My Lords, I declare an interest as a filmmaker and a recent governor of the BFI. A report last week, Rebalancing Our Cultural Capital, documented the way in which arts funding has shifted towards the capital over several decades. The benefit to a Londoner is now three times that of someone living elsewhere in England, and I think that it is in this context that my noble friend asks the Question. Does the Minister agree that if we are to address this cultural imbalance, we must build on the success of existing art venues, such as the excellent art-house cinema in Cambridge that does so much more than show films? Could the DCMS, through its relationship with the BFI, perhaps find a way of distinguishing between commercial screens and the added cultural value that art-house cinema provides?
First, I think that the British Film Institute is doing a great deal of important work, with many programmes. The one that I will mention to the noble Baroness is the BFI Neighbourhood programme, which is part of a programme to help establish and develop up to 1,000 community venues for films across the UK. That is an important feature of what the British Film Institute is seeking to do.

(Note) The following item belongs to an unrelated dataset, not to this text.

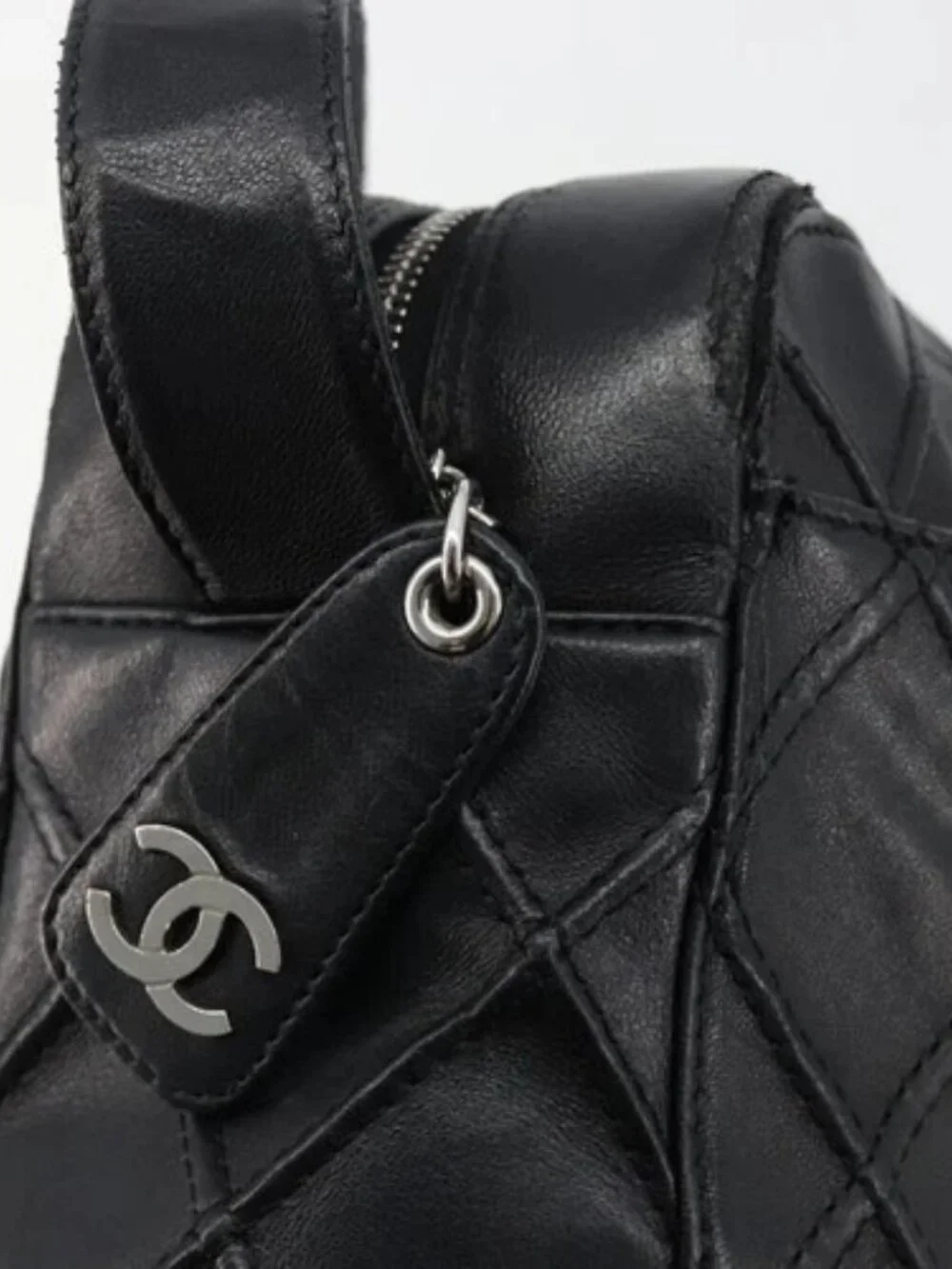 CHANEL Bicolore Shoulder Bag Leather Black Silver CC Auth ka4426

In addition, there are of course many other initiatives that the BFI is particularly concerned about, to ensure that there is the broadest range of opportunities for people to see films.
My Lords, these so-called art-house cinemas are very important to the health of the British film industry. They are sometimes the only place where our films ever get shown. Does the Minister fully appreciate the importance of their survival, particularly outside London and the major cities?

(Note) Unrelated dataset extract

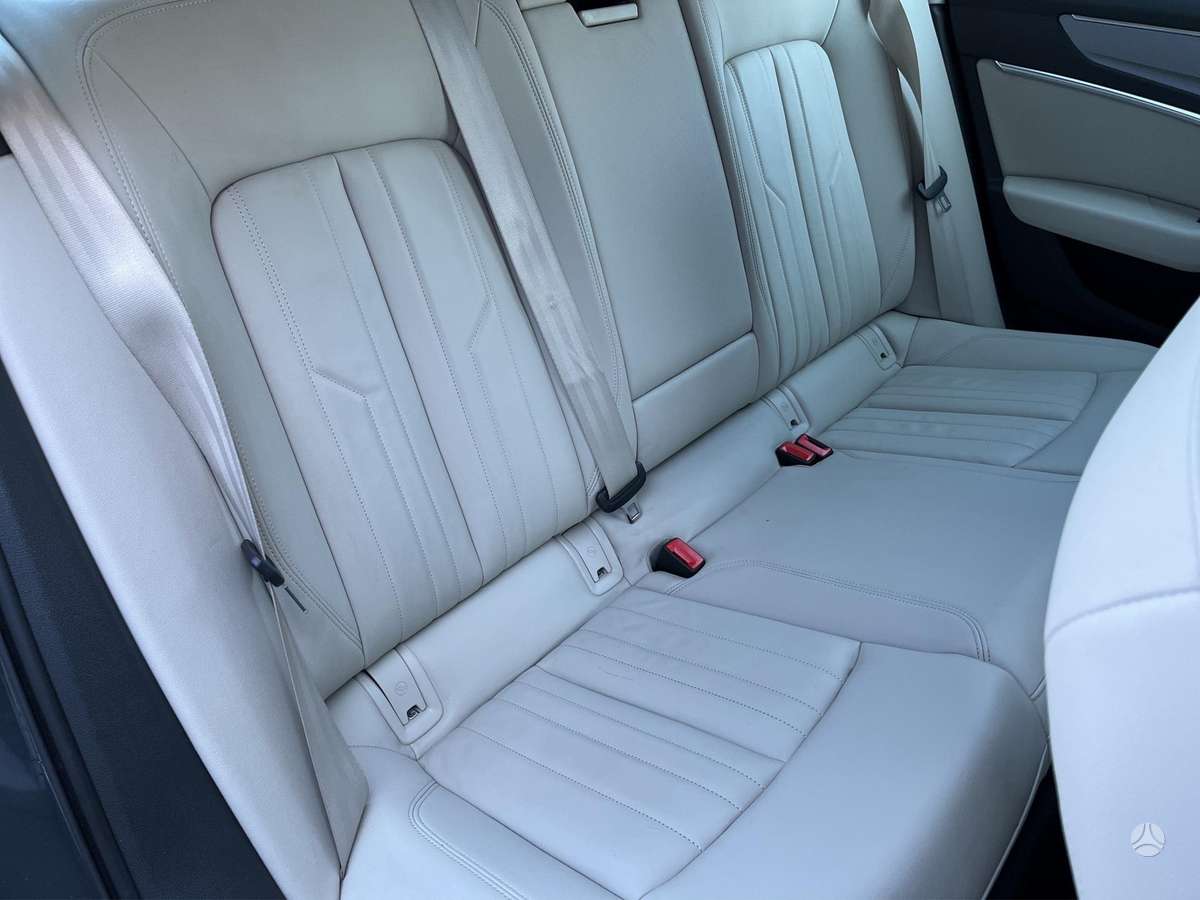 Audi A6, 2.0 l., Седан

My Lords, my noble friend is absolutely right. The picture houses are very important, particularly outside London; in particular in Cambridge, which of course is the venue for the Cambridge Film Festival. There are many reasons why these establishments are particularly important. They are part of our global reach, and all film industry is very important for the British economy. That, of course, is why the film industry has the tax relief it does, which is an indication of the Government’s support for it.
My Lords, I declare an interest as a regular patron of the Cambridge Arts Picturehouse. Will the noble Lord consider that perhaps the Government have more of an interest in this issue than he has yet indicated? These picture houses often show live performances of work—for example, from the National Theatre—which is a way in which the public funding that goes into our major theatres is made to work much harder than it would if it depended simply upon people coming into the theatres to see the shows. There is a serious interest here for the Government to consider, which is why it would be a good idea for them to put some pressure on whoever needs to have pressure put upon them to make this happen.

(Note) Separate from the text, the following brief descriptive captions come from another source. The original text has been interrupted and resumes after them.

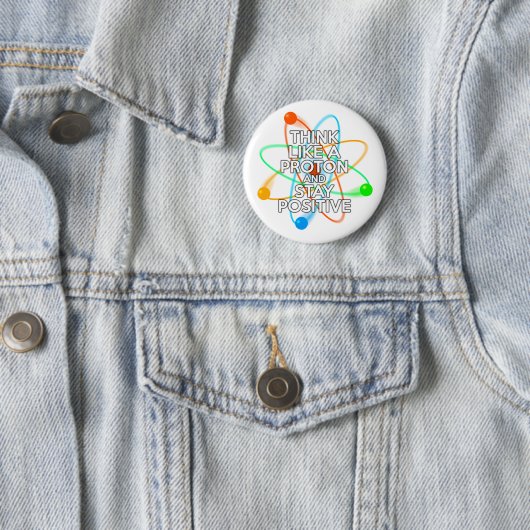 BADGE ROND 5 CM PENSEZ À UN PROTON ET RESTEZ POSITIF (En situation)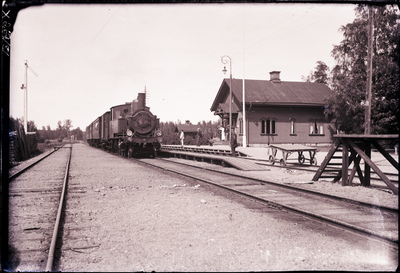 Eklångens järnvägsstation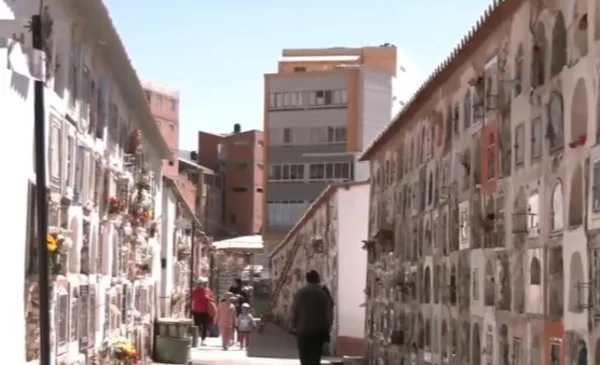Restos de 216 fallecidos en riesgo de ser trasladados a fosa común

The noble Baroness is a champion of Cambridge; I know that Bury St Edmunds in particular also has this feed-in from opera and theatre. I am well aware of the importance of that to many parts of the regions, where it is vital. I have to repeat that there is a procedure that has to be undertaken. Concerns have been raised and, as I said, it is open to interested parties to appeal on this matter. However, the problem is that when we have independence, we must mean independence.
My Lords, I welcome the Minister’s restatement of the mission of the BFI. Nevertheless, has he noticed that it remains the case that across town the multiplex cinemas all show the same few films, whereas other films that have had excellent reviews are nowhere to be seen? What more can the Government do to support the better distribution and availability of high-quality films that are not expected to be money-spinners?
That is where the BFI very much comes into the equation and precisely where the experts, as I call them, are leading on this particular point—to ensure that the broadest range of films is available to the public. That is one of the key priorities of the BFI, and I hope that it is successful in that quest.